PROBLEM DESCRIPTION. The records below hold a stretch from the line with "祁东装修墙板店,匠心独运，打造家居美学新篇章 祁东装修墙板店,匠心独运，打造家居美学新篇章 厨房维修" through the line with "Heavy Duty Glass"; return exactly those lines, ends included, and nothing more.

EXERCISE DATA.
• • • •
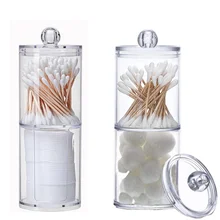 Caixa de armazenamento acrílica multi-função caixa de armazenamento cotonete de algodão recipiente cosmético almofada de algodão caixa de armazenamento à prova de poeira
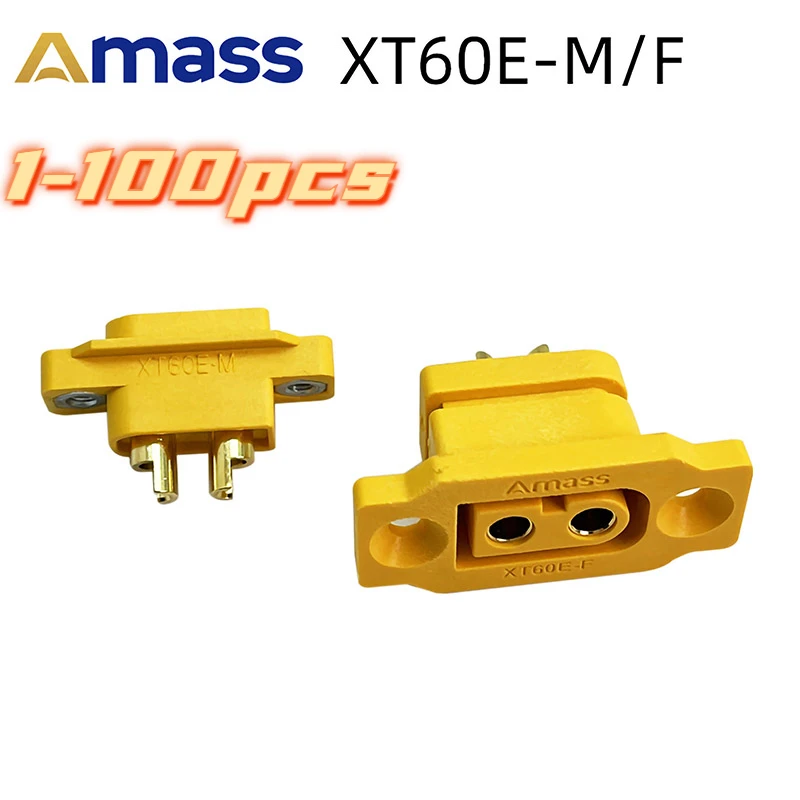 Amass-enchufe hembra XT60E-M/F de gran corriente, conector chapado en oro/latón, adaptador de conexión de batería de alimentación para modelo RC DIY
• • • •
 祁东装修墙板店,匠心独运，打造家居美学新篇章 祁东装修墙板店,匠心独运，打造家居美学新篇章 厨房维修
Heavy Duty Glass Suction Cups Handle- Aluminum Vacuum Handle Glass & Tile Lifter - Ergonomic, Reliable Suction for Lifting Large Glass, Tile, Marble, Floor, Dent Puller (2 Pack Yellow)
• • • •
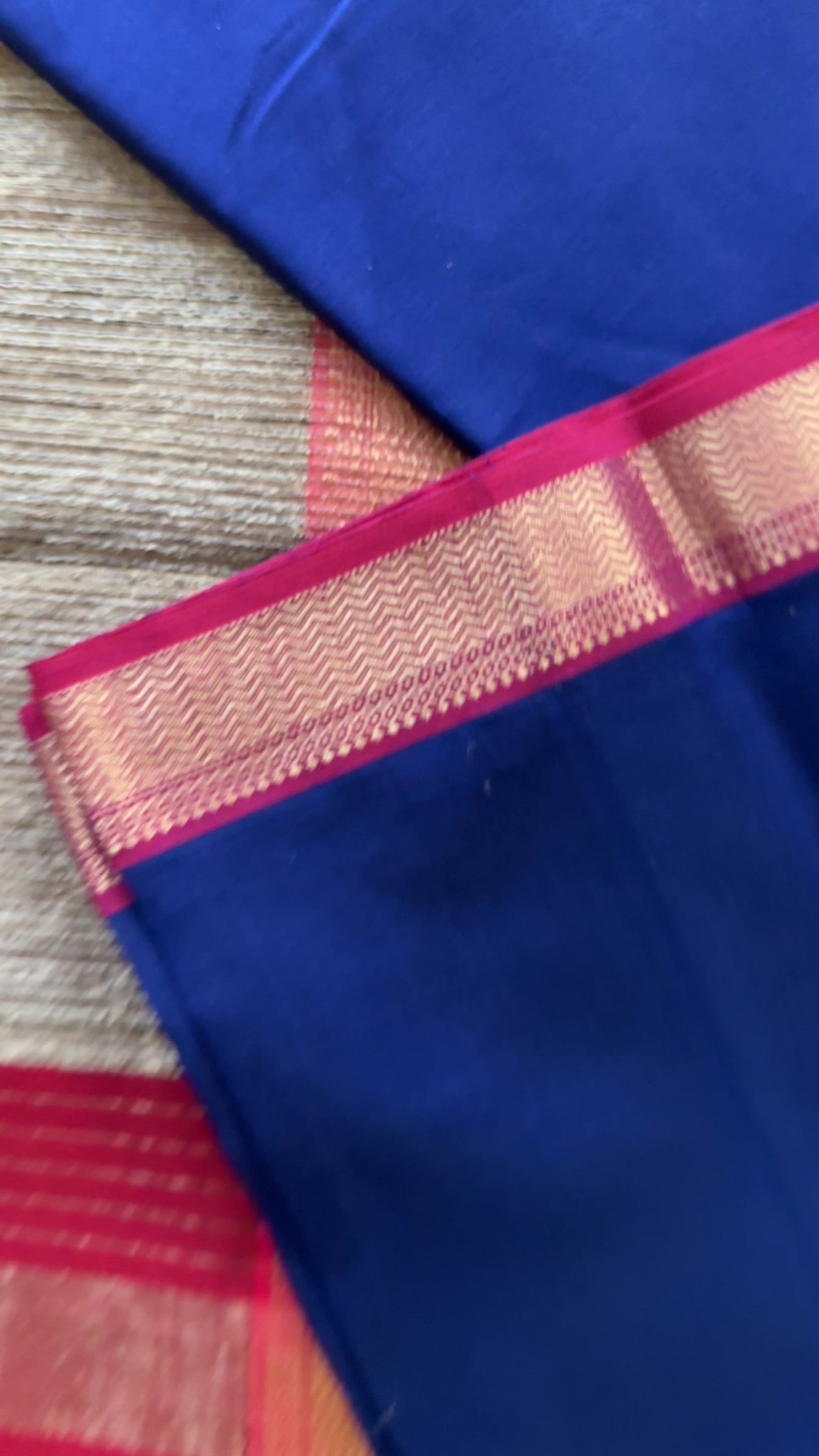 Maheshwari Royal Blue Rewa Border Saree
• • • •
RESPONSE FOR THIS EXERCISE.
 祁东装修墙板店,匠心独运，打造家居美学新篇章 祁东装修墙板店,匠心独运，打造家居美学新篇章 厨房维修
Heavy Duty Glass Suction Cups Handle- Aluminum Vacuum Handle Glass & Tile Lifter - Ergonomic, Reliable Suction for Lifting Large Glass, Tile, Marble, Floor, Dent Puller (2 Pack Yellow)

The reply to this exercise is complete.